9. Say “Hi” to UX Writers
Many UX Designers are good at writing articles and engaging with users, so why not move into UX writing? The time has come to give copy the importance it has always deserved. I can not agree more with the words of Jeffrey Zeldman:
Content precedes design. Design in the absence of content is not design, it's decoration.— zeldman (@zeldman) May 5, 2008
Copy is just as important as other elements of the interface such as color or typography. For example: pretend you have designed an interface and you undertake A/B testing to find out whether you should use blue or red for the CTA on your homepage. The results show that the red colour performs much better.
The development team implements the change in production, but still sign ups don’t increase. Why not try two different copies for the CTA and see if the results change?
10. Map the User Journey for Multiple Devices
When it comes to designing great user experiences, you have to look at the entire user journey and think of the big picture. Users might well utilise different devices depending on where they are on their journey.

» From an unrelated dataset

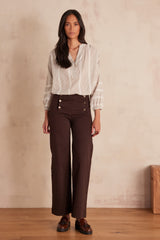 OXAN CHOCOLATE WIDE-LEG JEANS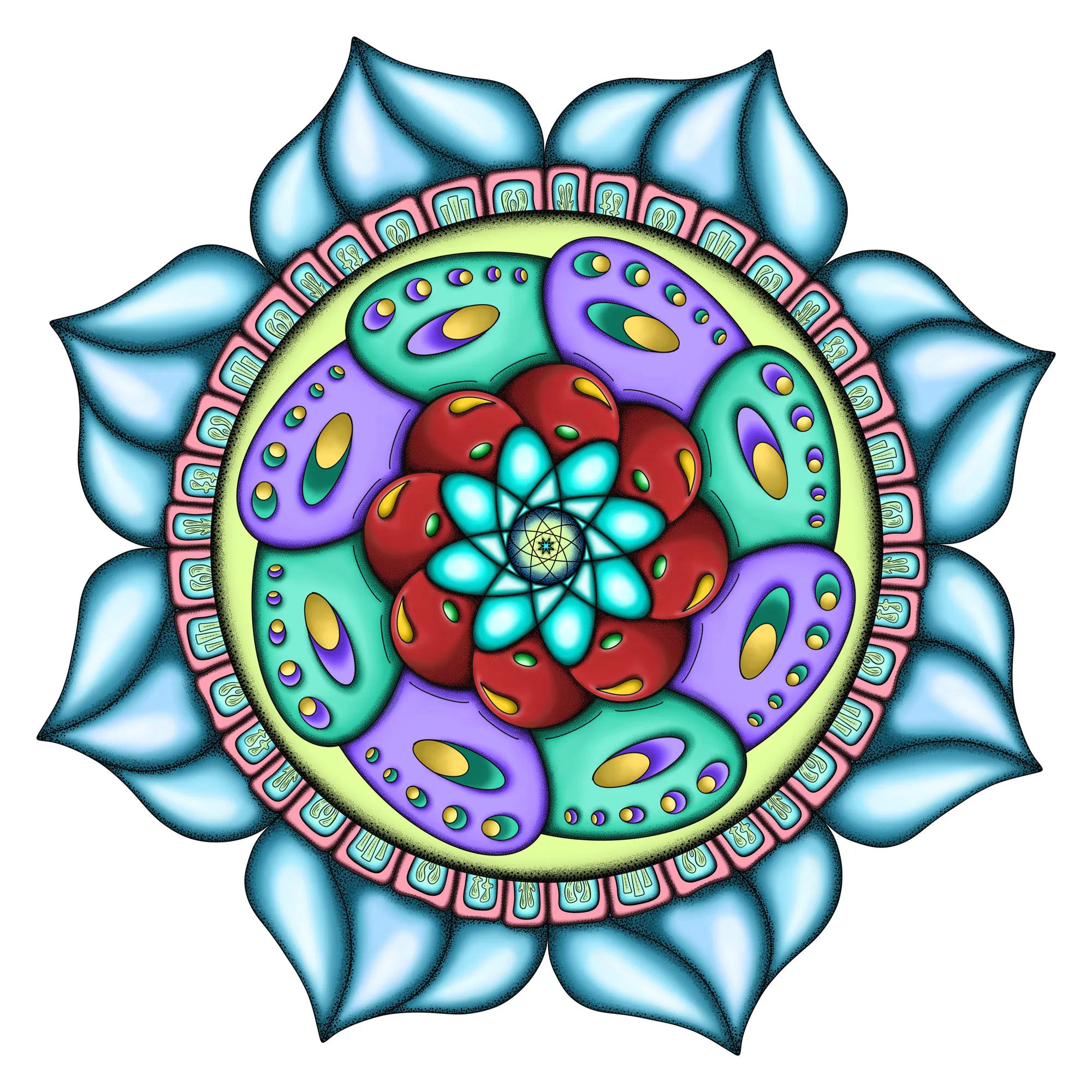 Atom Heart Flower design system artwork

They might even interact with different devices at the same time.
For example: a woman sitting on the couch is about to play a Netflix movie on the smart TV through her voice using Google Home. At the same time she is reading the latest news from NYT using her smartphone. In addition to that, while she is waiting for the page to load, she grabs her laptop to finish a booking in Airbnb.
How can we design great user experiences taking into account such a multi-tasking scenario? How can we bring value to that user? How can we anticipate their needs? That’s the challenge!
It’s good to take a look at trending topics, new design tools and cutting-edge technologies, but we should be asking ourselves what we like the most in the UX field, whether it is research, interaction design or data analysis. We should feel lucky to work on such a vast field, full of opportunities to keep learning and become better over time. 2019 is the year to shine. Just take your pick and go for it!